The full listing, written out exactly and without images, is the expected result.
····················
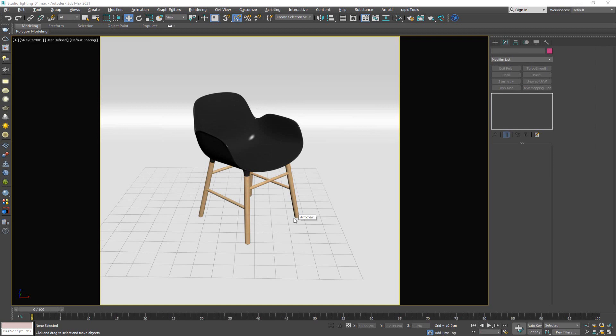Hey everybody and welcome to today's video where I'm going to try to answer a pretty common question: how to render out a model in a studio background but keep the shadow and at the same time render it on a transparent background. This is actually pretty common when rendering for products because the client will generally want to put their model on a web store or a different background, and it's always very convenient to have the model exported as a PNG with an alpha channel. A lot of times I've seen people rendering out the model and then going into Photoshop and trying to paint in the shadows. Well, there's no need for that because it's very simple and easy to export out the shadows within V-Ray.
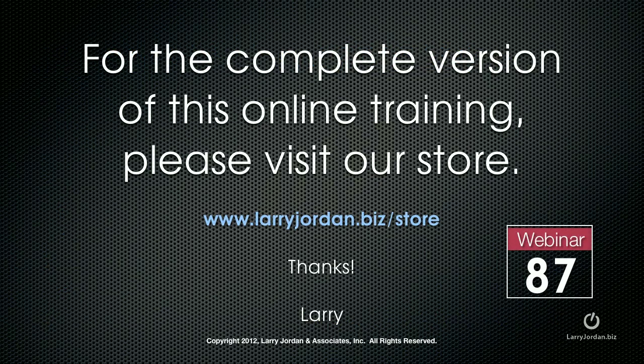This has been an excerpt of a recent Power Up webinar. For the complete version of this online training, please visit our store at LarryJordan.biz slash store. And thanks.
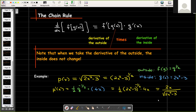That finishes our rules of differentiation. We now have the product rule, the quotient rule, the power rule, and the chain rule.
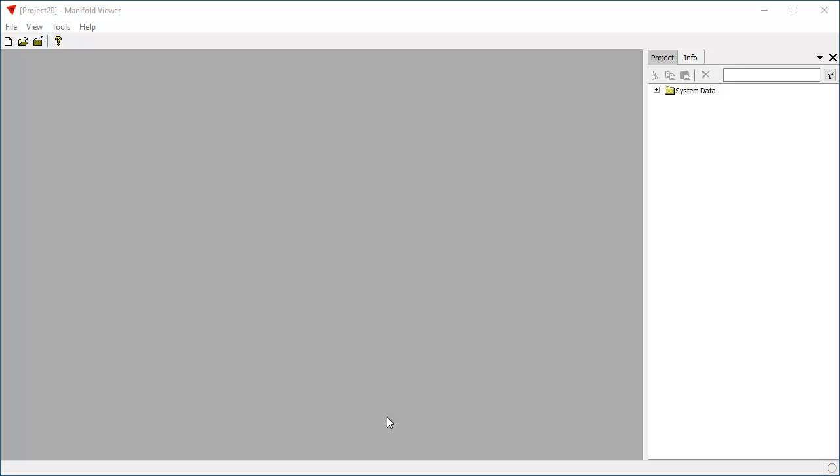Hello. Today we're going to create a drawing from a geocoded table. This is a classic task that people do in GIS all the time. We're going to use Manifold Viewer because Manifold Viewer is a free download. It's the free read-only version of Radian.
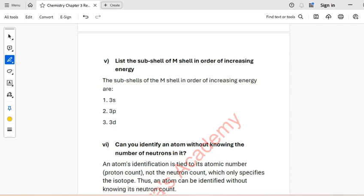If you want the PDF, the link is in the description box — contact me. Thank you.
····················
_Response to this task:_
Hey everybody and welcome to today's video where I'm going to try to answer a pretty common question: how to render out a model in a studio background but keep the shadow and at the same time render it on a transparent background. This is actually pretty common when rendering for products because the client will generally want to put their model on a web store or a different background, and it's always very convenient to have the model exported as a PNG with an alpha channel. A lot of times I've seen people rendering out the model and then going into Photoshop and trying to paint in the shadows. Well, there's no need for that because it's very simple and easy to export out the shadows within V-Ray.
This has been an excerpt of a recent Power Up webinar. For the complete version of this online training, please visit our store at LarryJordan.biz slash store. And thanks.
That finishes our rules of differentiation. We now have the product rule, the quotient rule, the power rule, and the chain rule.
Hello. Today we're going to create a drawing from a geocoded table. This is a classic task that people do in GIS all the time. We're going to use Manifold Viewer because Manifold Viewer is a free download. It's the free read-only version of Radian.
If you want the PDF, the link is in the description box — contact me. Thank you.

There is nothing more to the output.